Um das Maß seiner Leiden voll zu machen, musste in dieser Zeit eine seiner Stützen zerbrechen; Heinrich von England starb, und zwar im Kampfe mit rebellischen Söhnen. Der neue König Richard, und selbst Kanut von Dänemark drangen in den Herzog, zurückzukehren in seine Erbländer, und zu retten, was noch zu retten wäre, und der Verbannte durfte sich seines Eides entbunden halten, da seine Feinde ihn zuerst gebrochen hatten. Noch im Herbste dieses Jahres landete er zu Stade, und sandte seinen Sohn Heinrich nach Braunschweig voraus. Heinrichs erstes Auftreten war ermunternd, drei seiner Freunde eilten zu ihm hin, um unter den ruhmbekränzten Fahnen zu fechten, die angesehensten Holsteiner und Normannen gingen ihm mit friedlichem Gruße entgegen, und versprachen, ihm ihr Land zu öffnen.

Ein allgemeiner Aufstand nötigte den Statthalter des nach Jerusalem gezogenen Grafen von Holstein, sich mit der Mutter und Gemahlin desselben nach Lübeck zurückzuziehen. Der heftigste Kampf entspann sich um den Besitz von Bardewick, einer der größten und reichsten Städte des nördlichen Deutschlands, einst zu des Herzogs Erbteile gehörig, aber, aus Eifersucht gegen das begünstigte Lübeck, ihm niemals recht ergeben. Bei ihrer Erstürmung musste Schritt für Schritt, Straße für Straße erkämpft werden, so dass zuletzt die blutige Schlacht in ein grässliches Schlachten überging. Alle Heiligtümer wurden dem Dom zu Ratzeburg zugesandt, und dann die Stadt den Flammen geopfert. Nur die Kirchen und heiligen Gebäude blieben verschont, und zum Gedächtnis des Schreckenstages trug das Portal des Doms einen hölzernen Löwen, und die Überschrift: des Löwen Spur.
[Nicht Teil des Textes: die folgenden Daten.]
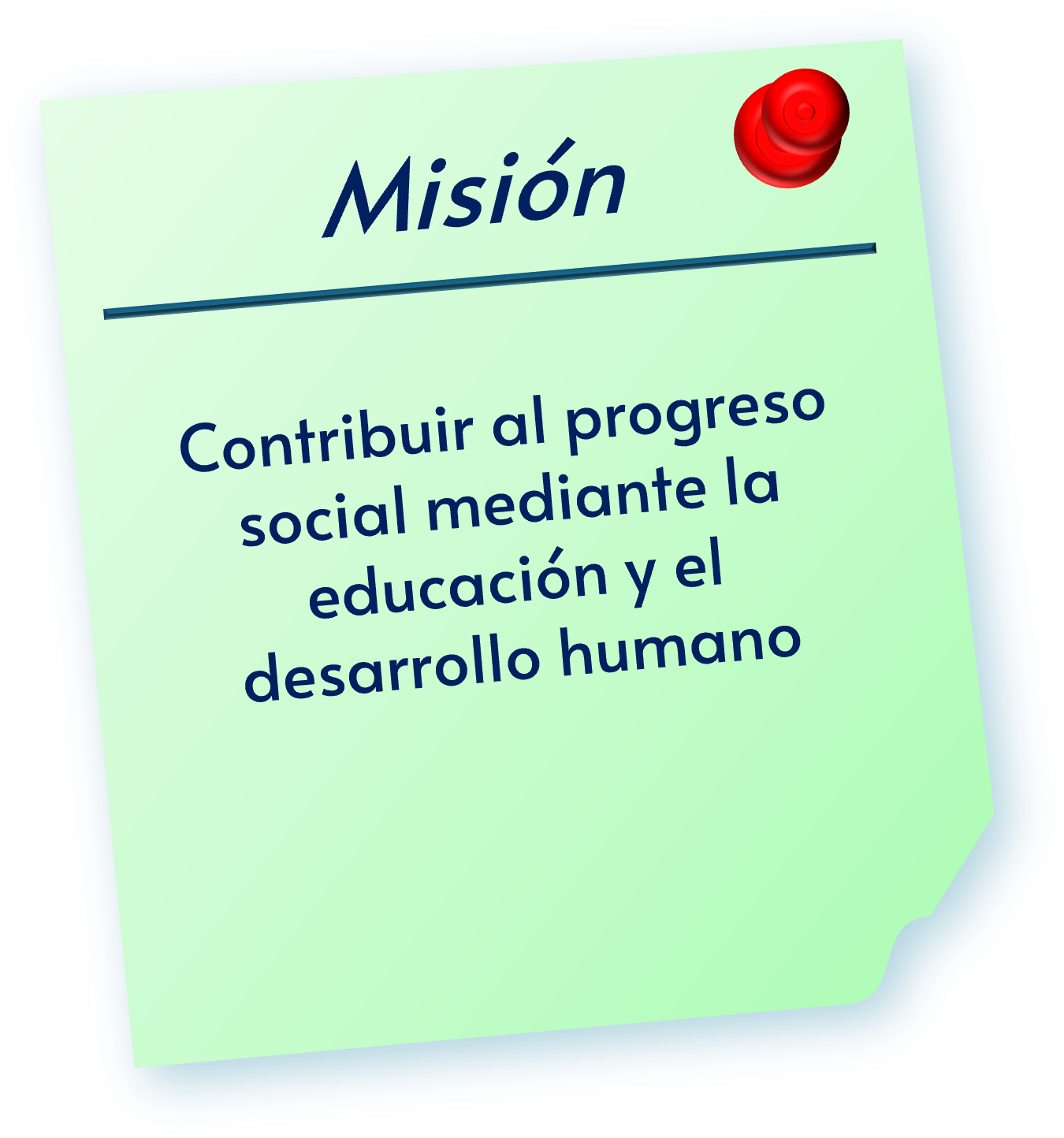 Misión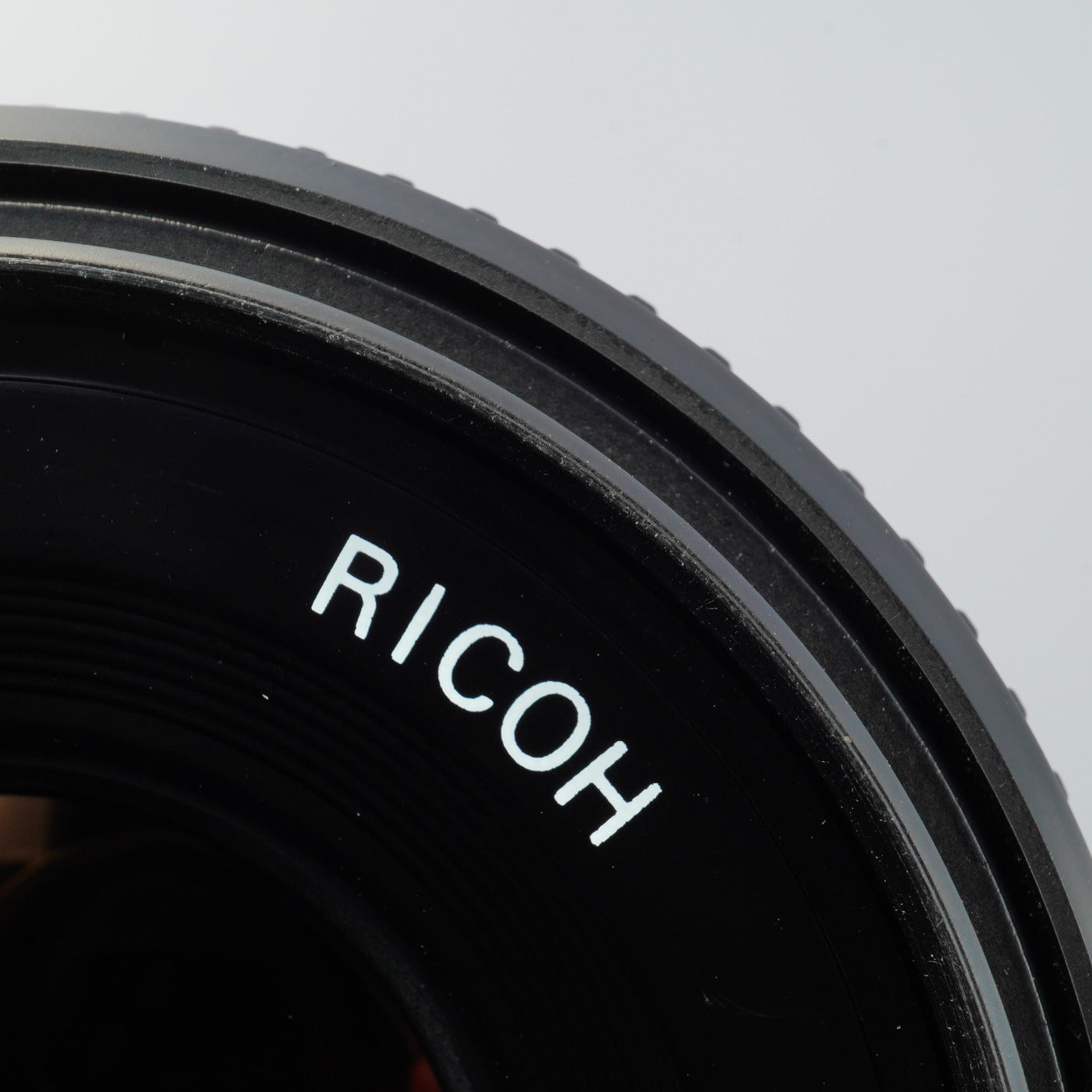 Ricoh Rikenon 50mm f/2  (Pentax K用) 単焦点レンズ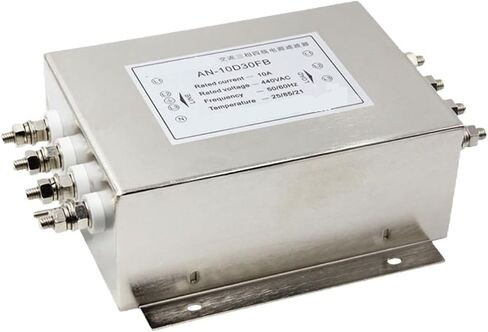 AN-10D30FB Filter Three-Phase Four-Wire high Performance Power Filter AN-20D30FB(AN-10D30FB) in Saudi Arabia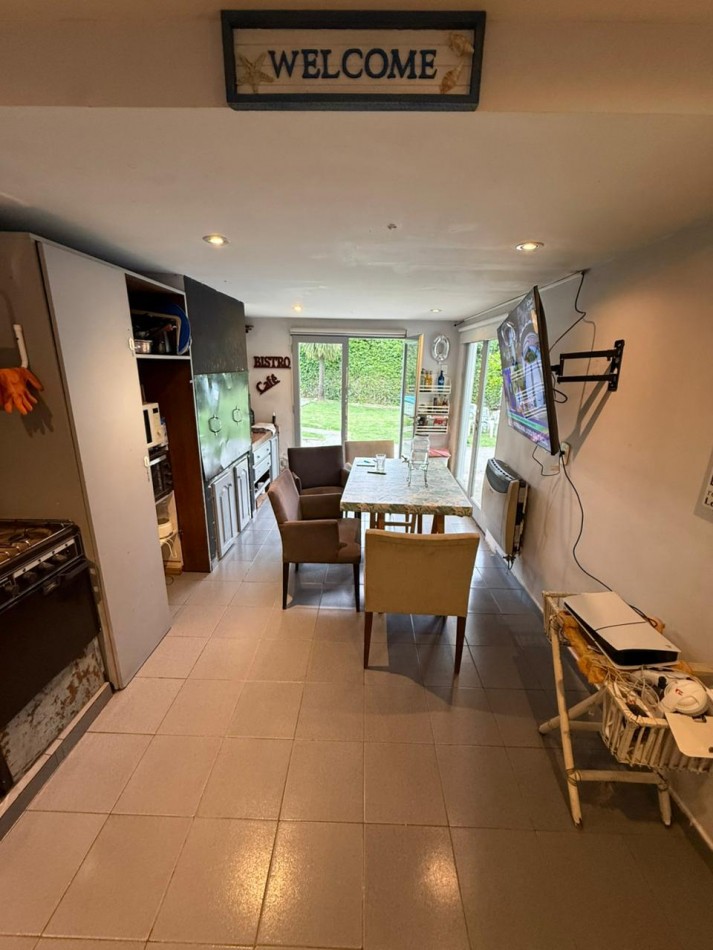 HERMOSO CHALET 5 AMB SOBRE GRAN LOTE EN BOSQUE PERALTA RAMOS!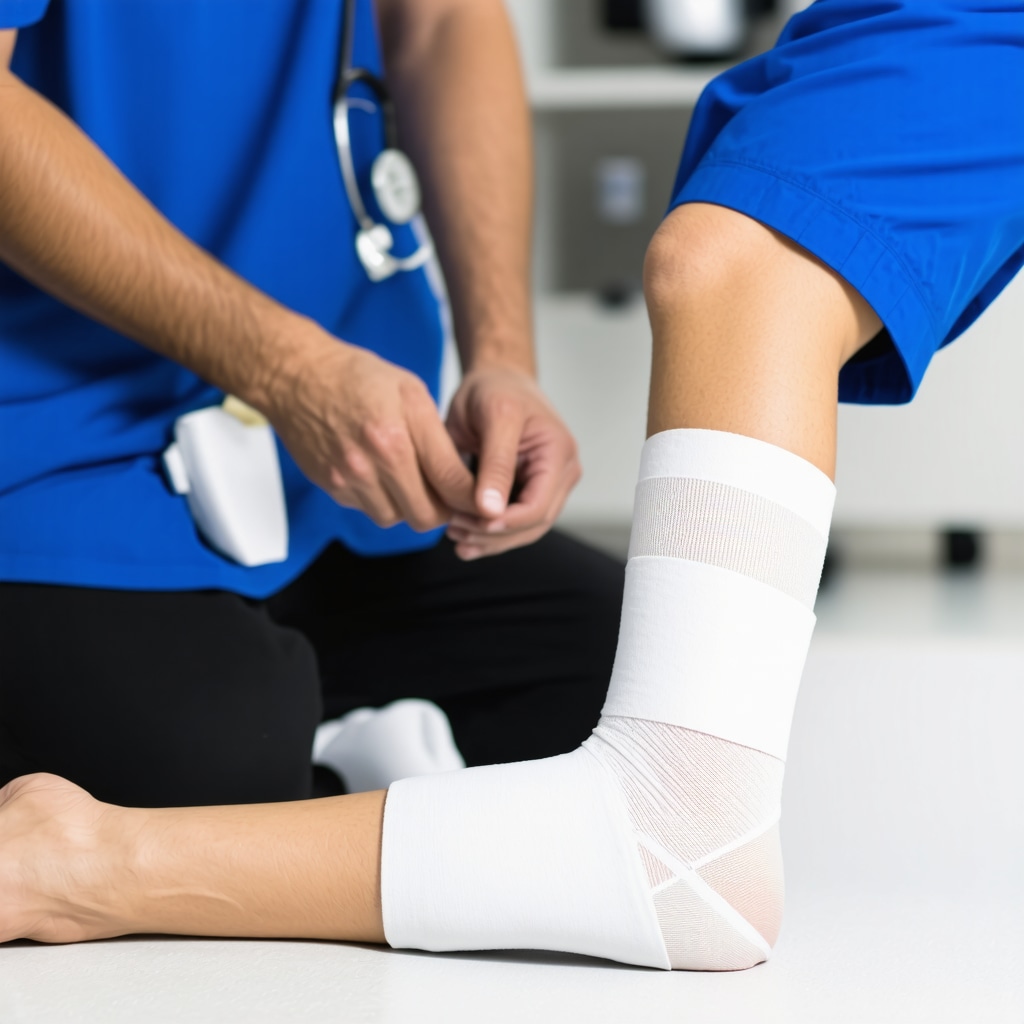 Comprehensive Slip and Fall Orthopedic Care in NJ: Recovery Guide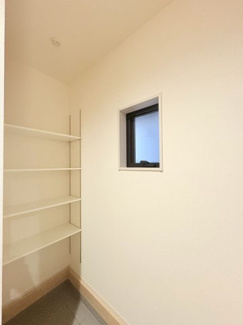 【収納】 | 川越市下広谷　新築分譲　東武東上線『鶴ヶ島駅』徒歩17分　【広谷小学区】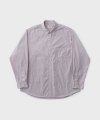 Bold Garment Shirt (Morado)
Diese glückliche Unternehmung, mit den Schrecken, welche sie verbreitete, öffnete dem Herzog die Tore Lübecks und Lauenburgs. Jetzt aber bekam er mächtige Feinde zu bekämpfen, denn König Heinrich zog rachedürstend mit einem Heere gegen ihn. Doch schon bei der Bestürmung Braunschweigs fand er unerwarteten und entschlossenen Widerstand. Hier zeigte der Erzbischof von Mainz fürchterliche Grausamkeit und Raubgier, indem er selbst Kirchen und Kirchhöfe nicht verschonte. Das räuberische Heer musste abziehen, und rächte sich durch die Einäscherung Hannovers. Der Winter hatte dem Kriege ein Ende gemacht; erst im Mai 1190 griff Heinrich wieder zu den Waffen, sah sich aber oft von denen verlassen, auf deren Hilfe er gerechnet hatte. Darum wies er eine angebotene Unterhandlung nicht zurück, und sie kam zu Fulda, doch unter harten Bedingungen, zu Stande. Der Herzog sollte die Mauern Braunschweigs an vier Orten zerstören, ganz Holstein, und die Hälfte Lübecks dem Grafen Adolf wieder einräumen, und dafür von dem Könige Heinrich die andere Hälfte als Geschenk annehmen. Zum Unterpfand des Friedens sollte des Herzogs jüngerer Sohn Lotar dem Könige als Geißel bleiben, der ältere aber mit fünfzig Rittern ihm nach Italien folgen.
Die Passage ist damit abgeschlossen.